Peut-être il faut bien considérer que dans la mesure où un artefact intervient comme condition du médiatique dans le social, cet artefact introduit d’avec le genre de rapport qu’il induit entre les uns et les autres, ce que Derrida a appellé “Mal d’archive”. Or, ce mal provient, d’un côté, du fait que tout archive est archivolitique, ou encore, pour revenir au mot de Derrida, “il met en risque ce qu’il sauve”. Une fois confiée à un support, la mémoire relève de la nature elle-même. Mais d’un autre côté ce Mal d’archive engage, d’après Derrida, également le sens qui prend en français l’expression “être en mal de”, c’est-à-dire, être épris d’une passion.

Depuis ce double tranchant du Mal d’archive, celui-ci se dédouble entre le fait de se trouver separé de soi en soi-même (car on peut-comprendre, comme le dit Derrida, que “le sens archivable commence à l’imprimante”), car c’est à l’efficace de l’artefact que l’on s’en remet, pour obtenir l’archive d’un sens qui relève de ce celui qu’on appelle “l’auteur”. Or, ce même auteur se retrouve épris de passion pour retrouver, consigné dans le texte eventuellement imprimé, ce qu’il vient de lui assigner moyennant la machine elle-même.

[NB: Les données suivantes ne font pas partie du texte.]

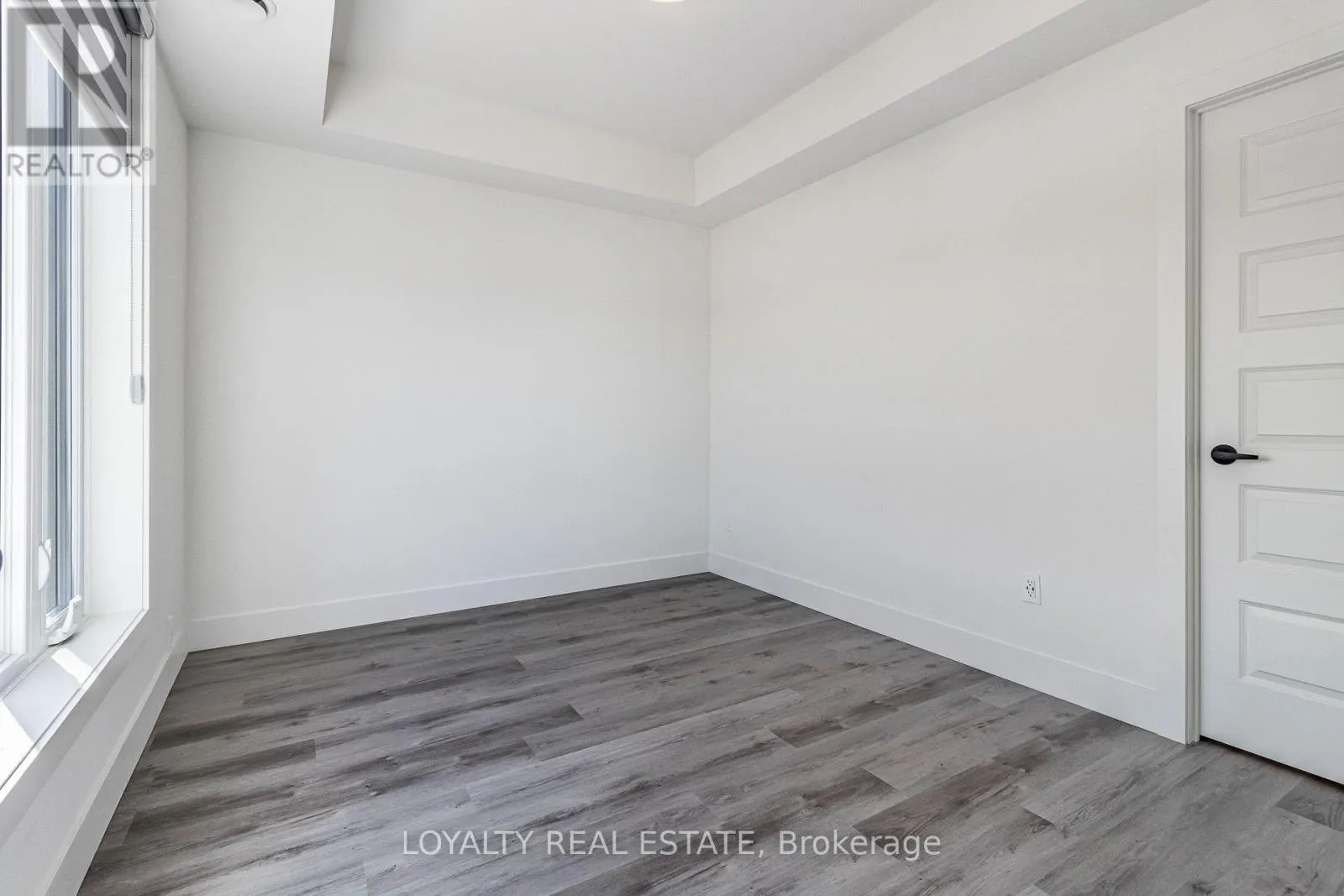 601 - 103 ROGERS STREET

L’espace médiatique des lieux publiques est tout d’abord un espace pris par la médiatisation générale de la société. Cette médiatisation passe par l’artefact (en ce qui concerne les lieux publiques, par exemple, par un média comme Google Earth) et de ce fait, la division d’avec soi du Mal d’archive derridien s’en tire d’affaire, en ce qui concerne l’explication de la structure artefactuelle du social. Or, celle-ci est incarnée également, par tous ceux qui s’emparent des lieux publiques pour déconstruire de leur lutte pour une vie digne d’être vécue, la vie qu’on leur vole par la voie des médias qui affichent la médiation, là où l’on n’en trouve, hélàs, que la mediatisation du grand nombre.